On Thu, Nov 17, 2016 at 7:33 AM, Viresh Kumar <viresh.kumar@xxxxxxxxxx> wrote:
> Hi Rafael,
>
> I still have few concerns that I would like to share ..
>
> On 16-11-16, 03:38, Rafael J. Wysocki wrote:
>> From: Rafael J. Wysocki <rafael.j.wysocki@xxxxxxxxx>
>>
>> The cpumask_test_cpu() check in cpufreq_cpu_get_raw() is sort of
>> pointless, because it may be racy with respect to CPU online/offline
>> which sets/clears the policy->cpus mask.
>>
>> Some of the races resulting from that are benign (worst case, stale
>> values may be returned from some sysfs attribute for a relatively
>> short period), but some of them may lead to invocations of low-level
>> cpufreq driver callbacks for offline CPUs which is not guaranteed to
>> work in general.
>>
>> For this reason, move the cpumask_test_cpu() check away from
>> cpufreq_cpu_get_raw() and reserve it for the ondemand governor,
>> which calls it for online CPUs only and with CPU online/offline
>> locked anyway, and make the other callers of it use the per-CPU
>> variable whose value is returned by it directly.
>>
>> With that, add the cpumask_test_cpu() check to cpufreq_generic_get()
>> to preserve its current behavior for offline CPUs and to the callers
>> of cpufreq_cpu_get().
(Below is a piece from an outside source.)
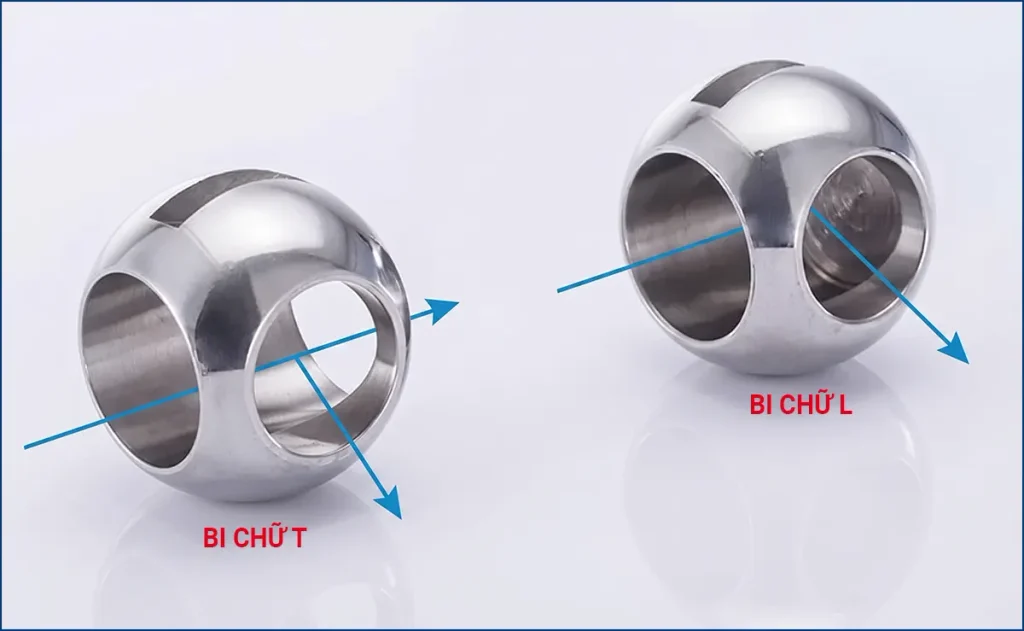 Nhìn vào cửa van bi 3 ngã phân biệt bi chữ L có một lỗ tròn và bi chữ T có thêm lỗ phụ vuông góc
There, in the cases when the races might
>> lead to invocations of driver callbacks for offline CPUs, put it
>> under policy->rwsem.
>>
>> Signed-off-by: Rafael J. Wysocki <rafael.j.wysocki@xxxxxxxxx>
>> ---
>>
>> -> v2:
>> * Modify the changelog to make it better explain what's going on.
>> * Add the missing cpumask_test_cpu() check to cpufreq_offline().
>>
>> ---
>> drivers/cpufreq/cpufreq.c | 52 ++++++++++++++++++++++++++++++++--------------
>> 1 file changed, 37 insertions(+), 15 deletions(-)
>>
>> Index: linux-pm/drivers/cpufreq/cpufreq.c
>> ===================================================================
>> --- linux-pm.orig/drivers/cpufreq/cpufreq.c
>> +++ linux-pm/drivers/cpufreq/cpufreq.c
>> @@ -65,6 +65,12 @@ static struct cpufreq_driver *cpufreq_dr
>> static DEFINE_PER_CPU(struct cpufreq_policy *, cpufreq_cpu_data);
>> static DEFINE_RWLOCK(cpufreq_driver_lock);
>>
>> +struct cpufreq_policy *cpufreq_cpu_get_raw(unsigned int cpu)
>> +{
>> + return per_cpu(cpufreq_cpu_data, cpu);
>> +}
>> +EXPORT_SYMBOL_GPL(cpufreq_cpu_get_raw);
>> +
>> /* Flag to suspend/resume CPUFreq governors */
>> static bool cpufreq_suspended;
>>
>> @@ -192,19 +198,12 @@ int cpufreq_generic_init(struct cpufreq_
>> }
>> EXPORT_SYMBOL_GPL(cpufreq_generic_init);
>>
>> -struct cpufreq_policy *cpufreq_cpu_get_raw(unsigned int cpu)
>> -{
>> - struct cpufreq_policy *policy = per_cpu(cpufreq_cpu_data, cpu);
>> -
>> - return policy && cpumask_test_cpu(cpu, policy->cpus) ? policy : NULL;
>> -}
>> -EXPORT_SYMBOL_GPL(cpufreq_cpu_get_raw);
>> -
>> unsigned int cpufreq_generic_get(unsigned int cpu)
>> {
>> - struct cpufreq_policy *policy = cpufreq_cpu_get_raw(cpu);
>> + struct cpufreq_policy *policy = per_cpu(cpufreq_cpu_data, cpu);
>>
>> - if (!policy || IS_ERR(policy->clk)) {
>> + if (!policy || !cpumask_test_cpu(cpu, policy->cpus) ||
>> + IS_ERR(policy->clk)) {
>> pr_err("%s: No %s associated to cpu: %d\n",
>> __func__, policy ? "clk" : "policy", cpu);
>> return 0;
>> @@ -240,7 +239,7 @@ struct cpufreq_policy *cpufreq_cpu_get(u
>>
>> if (cpufreq_driver) {
>> /* get the CPU */
>> - policy = cpufreq_cpu_get_raw(cpu);
>> + policy = per_cpu(cpufreq_cpu_data, cpu);
>
> There are many other users of cpufreq_cpu_get() outside of cpufreq
> core which aren't updated in this patch.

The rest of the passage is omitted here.